# General-purpose Text Embeddings on the IPU

This notebook describes how to use supported embeddings models to generate SOTA text embeddings on the IPU. You can use the following:
* [E5 model](https://arxiv.org/pdf/2212.03533.pdf) (Emb**E**ddings from bidir**E**ctional **E**ncoder r**E**presentations) to generate text embeddings on the IPU.
* [Sentence Transformers MPNet Base V2](https://huggingface.co/sentence-transformers/all-mpnet-base-v2), which is an embeddings model based on the MPNet base model.
* [Sentence-T5](https://arxiv.org/abs/2108.08877), which runs on a pre-trained T5 model encoder.

## Environment setup

The best way to run this demo is on Paperspace Gradient's cloud IPUs because everything is already set up for you.

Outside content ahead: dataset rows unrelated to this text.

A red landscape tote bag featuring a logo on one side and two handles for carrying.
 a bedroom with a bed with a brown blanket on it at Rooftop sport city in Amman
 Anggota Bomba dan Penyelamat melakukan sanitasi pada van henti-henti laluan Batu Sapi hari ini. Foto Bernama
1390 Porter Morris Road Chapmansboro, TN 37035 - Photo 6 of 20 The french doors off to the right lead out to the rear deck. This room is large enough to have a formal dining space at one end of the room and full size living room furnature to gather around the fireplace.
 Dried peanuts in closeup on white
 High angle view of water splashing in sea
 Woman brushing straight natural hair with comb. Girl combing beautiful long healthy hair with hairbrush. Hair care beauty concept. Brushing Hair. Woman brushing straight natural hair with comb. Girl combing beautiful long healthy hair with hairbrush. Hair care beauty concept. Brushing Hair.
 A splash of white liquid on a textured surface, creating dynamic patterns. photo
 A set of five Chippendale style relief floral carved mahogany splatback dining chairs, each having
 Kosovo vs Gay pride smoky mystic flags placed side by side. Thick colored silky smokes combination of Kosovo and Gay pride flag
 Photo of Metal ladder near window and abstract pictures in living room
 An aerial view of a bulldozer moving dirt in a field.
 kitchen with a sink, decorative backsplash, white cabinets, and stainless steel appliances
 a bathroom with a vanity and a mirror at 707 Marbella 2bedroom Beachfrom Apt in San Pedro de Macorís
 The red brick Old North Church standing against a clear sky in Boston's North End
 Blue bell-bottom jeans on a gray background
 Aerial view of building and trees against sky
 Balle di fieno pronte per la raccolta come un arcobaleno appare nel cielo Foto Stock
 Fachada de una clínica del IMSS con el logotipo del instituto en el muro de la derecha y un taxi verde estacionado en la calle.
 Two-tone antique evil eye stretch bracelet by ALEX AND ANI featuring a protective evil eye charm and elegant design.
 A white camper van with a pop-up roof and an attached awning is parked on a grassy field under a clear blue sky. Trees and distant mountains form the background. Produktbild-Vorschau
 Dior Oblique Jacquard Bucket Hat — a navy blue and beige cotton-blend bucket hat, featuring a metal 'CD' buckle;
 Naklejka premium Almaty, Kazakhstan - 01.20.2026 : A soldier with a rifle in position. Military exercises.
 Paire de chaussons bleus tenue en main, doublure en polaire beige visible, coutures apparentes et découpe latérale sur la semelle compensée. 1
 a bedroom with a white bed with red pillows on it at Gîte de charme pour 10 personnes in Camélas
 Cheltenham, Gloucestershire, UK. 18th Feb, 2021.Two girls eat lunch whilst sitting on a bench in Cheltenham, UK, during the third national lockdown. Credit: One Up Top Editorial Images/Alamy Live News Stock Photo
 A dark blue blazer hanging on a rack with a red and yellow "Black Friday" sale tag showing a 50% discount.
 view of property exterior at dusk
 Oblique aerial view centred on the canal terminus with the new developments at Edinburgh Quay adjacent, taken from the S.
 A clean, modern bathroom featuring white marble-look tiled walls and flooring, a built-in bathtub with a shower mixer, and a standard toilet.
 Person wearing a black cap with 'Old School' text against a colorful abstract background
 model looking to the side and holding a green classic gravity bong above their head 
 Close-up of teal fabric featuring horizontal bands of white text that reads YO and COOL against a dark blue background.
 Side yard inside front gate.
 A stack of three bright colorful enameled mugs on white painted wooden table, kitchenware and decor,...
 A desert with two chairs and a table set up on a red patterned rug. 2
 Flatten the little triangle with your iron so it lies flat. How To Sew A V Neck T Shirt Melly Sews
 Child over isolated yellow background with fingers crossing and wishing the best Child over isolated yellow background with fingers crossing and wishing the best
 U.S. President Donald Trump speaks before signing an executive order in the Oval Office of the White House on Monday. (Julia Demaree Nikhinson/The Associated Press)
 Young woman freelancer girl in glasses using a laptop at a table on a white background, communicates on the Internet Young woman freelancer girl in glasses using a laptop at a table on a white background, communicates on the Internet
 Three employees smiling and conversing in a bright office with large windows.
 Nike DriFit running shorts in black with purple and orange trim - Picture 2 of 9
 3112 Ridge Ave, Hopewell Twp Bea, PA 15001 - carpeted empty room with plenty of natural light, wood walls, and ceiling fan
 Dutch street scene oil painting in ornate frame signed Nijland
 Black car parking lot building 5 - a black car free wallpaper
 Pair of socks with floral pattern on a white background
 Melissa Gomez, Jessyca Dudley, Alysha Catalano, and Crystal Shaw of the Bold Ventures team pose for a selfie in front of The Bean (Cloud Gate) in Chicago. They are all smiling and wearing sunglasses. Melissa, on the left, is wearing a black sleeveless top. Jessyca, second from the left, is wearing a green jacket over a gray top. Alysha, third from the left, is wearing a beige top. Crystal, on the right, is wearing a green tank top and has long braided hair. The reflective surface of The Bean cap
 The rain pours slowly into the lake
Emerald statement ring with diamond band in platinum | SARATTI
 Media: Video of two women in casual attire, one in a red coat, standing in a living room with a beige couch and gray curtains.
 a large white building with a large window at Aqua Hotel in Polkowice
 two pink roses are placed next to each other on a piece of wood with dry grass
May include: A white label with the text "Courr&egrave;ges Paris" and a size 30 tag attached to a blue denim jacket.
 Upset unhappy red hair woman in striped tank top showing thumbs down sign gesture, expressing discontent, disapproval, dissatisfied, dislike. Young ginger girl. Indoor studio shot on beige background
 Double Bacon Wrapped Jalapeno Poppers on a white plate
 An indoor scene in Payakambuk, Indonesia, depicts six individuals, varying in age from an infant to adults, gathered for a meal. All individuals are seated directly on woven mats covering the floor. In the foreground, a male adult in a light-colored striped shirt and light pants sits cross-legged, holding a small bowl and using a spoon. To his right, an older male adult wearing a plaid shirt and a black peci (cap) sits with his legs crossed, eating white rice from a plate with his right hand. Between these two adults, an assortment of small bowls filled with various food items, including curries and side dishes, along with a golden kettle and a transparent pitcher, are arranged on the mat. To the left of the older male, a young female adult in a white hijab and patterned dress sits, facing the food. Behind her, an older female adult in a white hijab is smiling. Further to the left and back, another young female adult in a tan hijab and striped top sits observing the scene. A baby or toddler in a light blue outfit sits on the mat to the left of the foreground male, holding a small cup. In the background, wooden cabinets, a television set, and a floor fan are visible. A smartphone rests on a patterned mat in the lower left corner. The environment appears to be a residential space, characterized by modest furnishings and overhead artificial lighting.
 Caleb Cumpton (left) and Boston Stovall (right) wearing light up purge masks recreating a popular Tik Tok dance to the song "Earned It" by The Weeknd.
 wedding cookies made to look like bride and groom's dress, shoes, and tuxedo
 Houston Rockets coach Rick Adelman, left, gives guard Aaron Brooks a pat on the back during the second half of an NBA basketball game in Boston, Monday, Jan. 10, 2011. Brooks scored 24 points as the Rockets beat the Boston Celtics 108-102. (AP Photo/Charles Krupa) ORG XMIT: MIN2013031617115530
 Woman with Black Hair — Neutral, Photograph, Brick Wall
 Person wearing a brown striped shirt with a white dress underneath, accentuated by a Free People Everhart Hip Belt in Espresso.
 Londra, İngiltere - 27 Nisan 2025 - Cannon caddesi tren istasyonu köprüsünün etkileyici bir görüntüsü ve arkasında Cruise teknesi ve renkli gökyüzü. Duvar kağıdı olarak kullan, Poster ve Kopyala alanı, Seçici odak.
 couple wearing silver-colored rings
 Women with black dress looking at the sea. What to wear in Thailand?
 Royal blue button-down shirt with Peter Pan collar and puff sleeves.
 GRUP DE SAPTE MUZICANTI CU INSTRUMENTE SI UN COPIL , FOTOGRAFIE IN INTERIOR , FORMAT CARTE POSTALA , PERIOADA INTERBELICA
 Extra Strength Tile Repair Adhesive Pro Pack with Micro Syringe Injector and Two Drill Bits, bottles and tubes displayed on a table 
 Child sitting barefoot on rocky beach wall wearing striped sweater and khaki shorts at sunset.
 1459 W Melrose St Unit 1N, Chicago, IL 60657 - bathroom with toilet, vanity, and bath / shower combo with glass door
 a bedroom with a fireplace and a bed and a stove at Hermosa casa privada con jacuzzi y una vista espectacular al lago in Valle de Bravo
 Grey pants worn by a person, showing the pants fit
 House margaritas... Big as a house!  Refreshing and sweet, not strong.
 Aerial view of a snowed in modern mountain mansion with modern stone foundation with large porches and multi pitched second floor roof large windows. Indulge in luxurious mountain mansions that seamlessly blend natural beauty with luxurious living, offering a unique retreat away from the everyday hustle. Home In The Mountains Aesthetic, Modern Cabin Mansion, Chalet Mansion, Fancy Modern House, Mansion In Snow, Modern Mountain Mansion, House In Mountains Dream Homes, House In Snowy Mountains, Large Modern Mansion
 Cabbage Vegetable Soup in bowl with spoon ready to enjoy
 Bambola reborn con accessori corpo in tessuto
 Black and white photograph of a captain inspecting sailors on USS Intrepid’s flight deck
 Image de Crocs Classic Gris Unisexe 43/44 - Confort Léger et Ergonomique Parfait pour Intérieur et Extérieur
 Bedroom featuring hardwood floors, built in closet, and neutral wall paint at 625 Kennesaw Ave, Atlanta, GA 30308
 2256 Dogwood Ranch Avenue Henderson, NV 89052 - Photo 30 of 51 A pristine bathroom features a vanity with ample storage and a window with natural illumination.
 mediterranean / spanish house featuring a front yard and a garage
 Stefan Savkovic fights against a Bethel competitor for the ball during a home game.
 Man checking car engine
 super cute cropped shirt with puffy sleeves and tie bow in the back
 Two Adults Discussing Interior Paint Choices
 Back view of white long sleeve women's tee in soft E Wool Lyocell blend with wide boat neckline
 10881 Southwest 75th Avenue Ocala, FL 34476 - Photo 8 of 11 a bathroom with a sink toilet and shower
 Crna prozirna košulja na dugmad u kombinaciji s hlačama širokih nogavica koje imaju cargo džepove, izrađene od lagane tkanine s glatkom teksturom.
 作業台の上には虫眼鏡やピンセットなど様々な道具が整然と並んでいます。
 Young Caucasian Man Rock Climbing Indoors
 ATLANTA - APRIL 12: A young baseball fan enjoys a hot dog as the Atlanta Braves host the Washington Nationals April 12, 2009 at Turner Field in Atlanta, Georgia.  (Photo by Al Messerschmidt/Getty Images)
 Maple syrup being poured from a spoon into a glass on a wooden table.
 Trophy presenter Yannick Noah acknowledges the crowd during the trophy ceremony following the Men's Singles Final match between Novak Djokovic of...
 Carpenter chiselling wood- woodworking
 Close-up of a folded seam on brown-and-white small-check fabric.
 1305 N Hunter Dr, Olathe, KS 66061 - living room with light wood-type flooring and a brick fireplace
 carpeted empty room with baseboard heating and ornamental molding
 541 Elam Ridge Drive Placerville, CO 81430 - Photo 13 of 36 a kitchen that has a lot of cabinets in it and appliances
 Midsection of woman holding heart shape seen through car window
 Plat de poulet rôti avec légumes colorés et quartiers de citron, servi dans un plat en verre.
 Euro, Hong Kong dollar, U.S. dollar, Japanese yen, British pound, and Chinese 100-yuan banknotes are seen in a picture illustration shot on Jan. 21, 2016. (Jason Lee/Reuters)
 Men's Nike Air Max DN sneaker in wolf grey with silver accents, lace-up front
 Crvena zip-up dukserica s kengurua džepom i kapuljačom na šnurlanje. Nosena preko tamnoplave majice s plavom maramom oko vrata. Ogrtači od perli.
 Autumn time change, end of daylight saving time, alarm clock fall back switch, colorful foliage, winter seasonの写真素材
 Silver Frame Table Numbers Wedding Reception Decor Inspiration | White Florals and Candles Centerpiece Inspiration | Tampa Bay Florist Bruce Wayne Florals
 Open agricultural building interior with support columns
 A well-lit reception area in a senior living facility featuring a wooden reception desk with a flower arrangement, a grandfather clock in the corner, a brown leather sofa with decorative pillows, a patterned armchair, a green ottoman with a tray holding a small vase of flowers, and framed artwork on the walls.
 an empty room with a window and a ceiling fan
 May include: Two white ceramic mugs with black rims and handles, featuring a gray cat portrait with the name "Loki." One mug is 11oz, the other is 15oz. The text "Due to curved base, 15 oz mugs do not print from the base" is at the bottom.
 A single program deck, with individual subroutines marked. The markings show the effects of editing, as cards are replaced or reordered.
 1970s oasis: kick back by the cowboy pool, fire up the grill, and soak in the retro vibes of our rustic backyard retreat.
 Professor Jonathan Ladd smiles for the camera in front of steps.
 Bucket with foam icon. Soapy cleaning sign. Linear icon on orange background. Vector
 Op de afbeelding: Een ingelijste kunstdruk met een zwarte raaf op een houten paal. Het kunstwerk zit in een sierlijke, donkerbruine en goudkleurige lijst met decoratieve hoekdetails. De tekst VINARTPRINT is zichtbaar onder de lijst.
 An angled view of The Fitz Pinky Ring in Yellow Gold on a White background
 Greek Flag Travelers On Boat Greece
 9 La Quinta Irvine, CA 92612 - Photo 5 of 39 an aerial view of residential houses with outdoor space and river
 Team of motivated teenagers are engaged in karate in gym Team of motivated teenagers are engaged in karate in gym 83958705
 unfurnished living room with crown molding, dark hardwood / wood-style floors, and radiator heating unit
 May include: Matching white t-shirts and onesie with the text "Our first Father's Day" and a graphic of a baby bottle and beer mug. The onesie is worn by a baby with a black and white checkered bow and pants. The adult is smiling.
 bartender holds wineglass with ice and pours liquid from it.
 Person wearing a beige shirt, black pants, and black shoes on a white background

[![Run on Gradient](https://assets.paperspace.io/img/gradient-badge.svg)](https://ipu.dev/cPfXNO)

To run the demo using other IPU hardware, you need to have the Poplar SDK enabled and a PopTorch wheel installed. Refer to the [Getting Started guide for your system](https://docs.graphcore.ai/en/latest/getting-started.html) for details on how to do this. Also refer to the Jupyter Quick Start guide for how to set up Jupyter to be able to run this notebook on a remote IPU machine.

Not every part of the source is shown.